名前の愛魚女の由来はアユのように縄張りを持っている事で「鮎並」が転訛したともいわれますが、愛魚女とか、「シンジョ」「寝所」とか「ネウ」「寝魚」とかの方言は、意味深な言葉ですが、アイナメの習性を実によく現していてると思います。

北海道から九州、ほとんど日本各地に分布している魚で、海藻の中や岩礁地帯に棲んでいて、しかも岩礁の間にじっと隠れている魚です。この仕草が「寝魚」の語源と思われます。

釣りの対象漁として人気の高い魚で、船釣り、投げ釣り、堤防釣りと色々な釣り方で楽しむことができますが、私は40年程前に義父に連れられて三浦海岸へよく通った思い出があります。二人っきりの「仕立て」で、義父にいただいた「東作」の竿で五目釣りを楽しんだものでした。

特に愛魚女釣りは、アイナメ独特の釣り方で人気が高かったブラクリ仕掛けで、ナツメ型のオモリに短いハリスと丸セイゴバリが付いたもので、オモリに塗られた赤い色がアイナメを誘うといわれ、この仕掛けが底に着く際にアタる事が多く、頭を横に振る独特のブルブルッというアタリに、病みつきになってしまいました。この釣りは、早合わせが禁物で、私の性分に合っていたのかもしれません。

愛魚女が旨い季節になりましたね。春先から初夏にかけてが旬といわれていますが、前述の通り日本列島各地で獲れる魚ですので、地方名、方言の多い事で有名です。北海道では「アブラコ」、関西では「アブラメ」、東北では「ネウオ」、長崎辺りでは「ヤスリ」等。

食べ方としては、今の時期(夏前)洗いが一番でしょうが、刺身、煮付け、焼き物、唐揚げなど何にしても旨い魚です。特に火を使う料理、焼く、煮る、揚げる料理は調味料の配合など味付で美味しさに大きく差が付く経験を必要とする仕事ですから、台所を預る主夫(夫)は、子供達にも味を伝える責任を!
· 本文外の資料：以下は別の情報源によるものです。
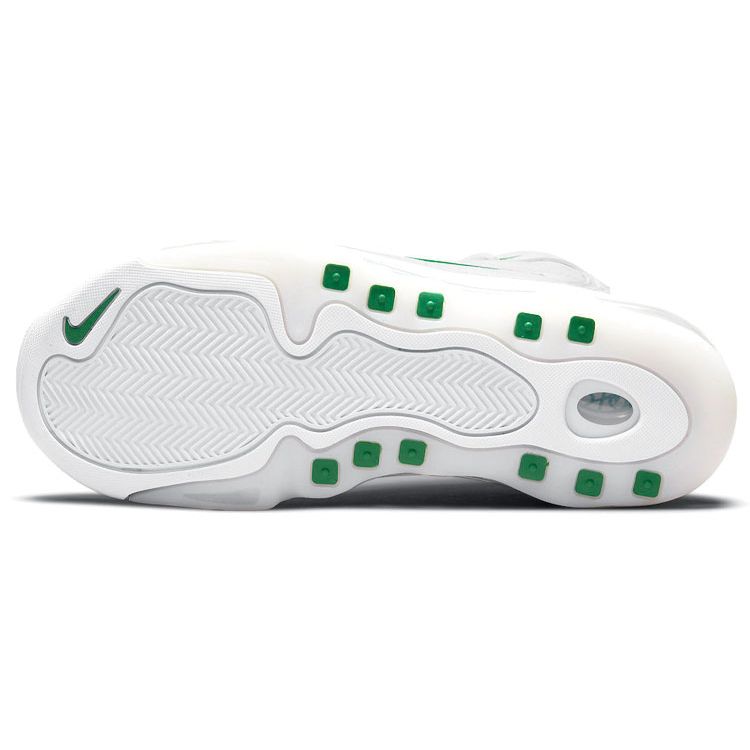 Nike Air Total Max Uptempo Retrò Air Cushion Bianche Verdi Scarpe da Basket Uomo CZ2198-101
アイナメは、カサゴ目アイナメ科の魚で体色は淡褐色に見えるものが多いのですが、黄褐色、暗緑色など様々で、生息場所によって体色が異なります。アイナメ科の魚に「」がいます。漢字で書くと美しい魚に見えますが、生の魚を見ると、ちょっとガッカリします。干物にすると人気抜群、ダブルハット!(二度ビックリ)。愛魚女とは型が良く似ています。アイナメの尾ビレは垂直に切れていて、ホッケの後縁は二又に深く切れ込んでいます。

シマボッケとかトラボッケと呼ばれている干物の本名は「キタノホッケ」です。美味しい干物には、やっぱり白いご飯がよく合いますね。